The issuance of USUAL is directly correlated to future cash flows generated primarily by the stablecoin's collateral. The token supply increases in line with protocol revenue growth, which is driven by collateral staked by USD0 holders.
Inflation/Deflation Mechanics
The issuance of $USUAL is directly tied to the protocol's TVL and income. As the protocol grows, fewer tokens are issued, creating scarcity, which helps to increase the value of $USUAL and reward long-term holders.
Consensus Mechanism and Network Security
At the core of Usual's technology lies blockchain, a revolutionary system that supports various cryptocurrencies, including Bitcoin and Ethereum. This decentralized ledger guarantees transparency and security by recording transactions across multiple computers, making it nearly impossible for any single entity to alter data without network consensus.
USD0 is fully collateralized by diversified short-term T-Bills, eliminating the fractional reserve risks of traditional fiat-backed stablecoins. Although backed by solid, liquid assets, USD0 is also protected by an insurance fund, funded by protocol revenue, to shield holders in a systemic crisis.
Key Partnerships and Ecosystem Integrations
Usual partners with the best platforms and ecosystems in DeFi. Binance is the largest cryptocurrency exchange by trading volume, serving 185M+ users across 180+ countries. Coinbase is a secure online platform for buying, selling, transferring, and storing cryptocurrency. Euler is a modular lending platform that enables users to lend, borrow and build without limits. Pendle is a DeFi protocol focused on yield trading, allowing users to both fix or leverage their yield. Chainlink is a decentralized oracle network connecting smart contracts to real-world data, APIs, and payments. LayerZero is a trustless omnichain protocol enabling seamless communication and transactions across blockchains.
Usual has already integrated Hashnote and is awaiting confirmation from Ondo, Backed, M^0, Blackrock, Adapt3r, and Spiko. Once fully integrated, these partnerships are expected to significantly boost liquidity.
Competitive Advantages and Unique Value Proposition
As the core stability asset of Usual, USD0 supports transparency and security by maintaining real-time reserves, offering a non-fractional, reliable alternative to stablecoins like USDT and USDC.

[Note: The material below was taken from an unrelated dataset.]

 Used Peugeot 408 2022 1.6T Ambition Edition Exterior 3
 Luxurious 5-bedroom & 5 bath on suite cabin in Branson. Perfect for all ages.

Usual stands out with a radically innovative approach to value redistribution—its governance token is no empty symbol but a core asset, with 90% distributed to the community. By giving users ownership of the protocol, Usual ensures value circulates within the community, not just among a few. Every dollar in the system builds real, shared rewards, with 90% of value going back to users.
USD0 selects government bonds as its primary backing due to their high liquidity and safety. To ensure stability, only assets with extremely short maturities are used as collateral, offering holders a high level of security. This strategy prevents forced fire sales at discounted prices during large-scale redemptions and shields against volatility events that could erode collateral value.
Current Development Activity and Roadmap
In just a few months, Usual built and launched a full protocol from scratch, introduced a new kind of stablecoin backed by tokenized US Treasuries (USD0), its yield-bearing counterpart (USD0++), and a revenue-sharing governance token ($USUAL). The protocol quickly reached $1.8B in TVL before stabilizing around $800M during a period of major product and governance upgrades.
The $USUAL TGE is expected around mid-November 2024. USD0++ holders will be able to claim their daily yield in the form of $USUAL. Liquidity will be available on exchanges shortly after the TGE.
USD0 is set to achieve cross-chain compatibility by early October 2024, allowing seamless use of USD0, USD0++, and soon $USUAL across major EVM-compatible chains. Official listings for USD0 on major platforms will be announced in November 2024.